United States District Court, Seventh Circuit

November 19, 2013




This matter comes before the Court on petitioner Israel C. Ramirez’s Rule 60(b) motion (Doc. 160) in which he asks this Court to vacate its judgment denying Ramirez’s § 2255 motion. For the following reasons, the Court denies Ramirez’s motion.

1. Background

On December 2, 2008, Ramirez entered an open plea of guilty to possessing over two tons of marijuana with intent to distribute in violation of 21 U.S.C. § 841(a)(1). On March 26, 2009, this Court sentenced Ramirez as a career offender to 300 months’ incarceration, five years’ supervised release, a $500 fine, and a $100 special assessment. Attorney John D. Stobbs (“Stobbs”) represented Ramirez throughout these proceedings and on direct appeal. At sentencing, Stobbs failed to object to Ramirez’s career offender classification.

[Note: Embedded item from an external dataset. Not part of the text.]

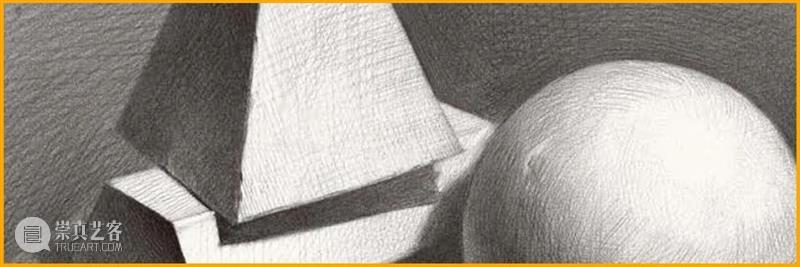 【从零开始】四棱锥入门教学！干货满满！ 四棱锥 干货 素描 静物 基础 难点 时候 形体 小志哥 小志 崇真艺客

On direct appeal, Stobbs initially filed a motion to withdraw and an Anders brief contending that he could not make a non-frivolous argument. The Seventh Circuit, however, denied Stobbs’s motion to withdraw concluding that a non-frivolous argument could be made with regard to Ramirez’s career offender classification. Stobbs then made the following arguments on appeal: (1) Ramirez’s Texas domestic assault convictions were not divisible and should not have impacted his career offender status; and (2) if those convictions were divisible, the Court committed plain error when it sentenced Ramirez as a career offender absent a sufficient record to conclude the nature of the Texas convictions.

Ramirez’s career offender classification depended on whether his two Texas domestic assault convictions were crimes of violence. The Texas statute under which Ramirez was convicted made it a felony to “intentionally, knowingly, or recklessly” cause bodily injury to a family member. Tex. Penal Code § 22.01(a)(1), (b)(2) (1999). For purposes of the career offender guideline, a conviction under the “intentional” or “knowing” prongs of the statute is a crime of violence; however, a conviction under the “reckless” prong is not a crime of violence. See Begay v. United States, 553 U.S. 137 (2008); United States v. Woods, 576 F.3d 400 (7th Cir. 2009). Accordingly, the Seventh Circuit concluded that the Texas statute under which Ramirez was convicted is divisible, meaning the court can consider certain underlying documents to determine under which prong Ramirez was convicted. See United States v. Ramirez, 606 F.3d 396, 397-98 (7th Cir. 2010) (citing Taylor v. United States, 495 U.S. 575 (1990); Shepard v. United States, 544 U.S. 13 (2005)). The record, however, included only the Texas indictments and judgments which did not shed light on the nature of the conviction. Thus, Ramirez argued the Court committed plain error when it applied the career offender enhancement absent the appropriate record and he was entitled to be resentenced.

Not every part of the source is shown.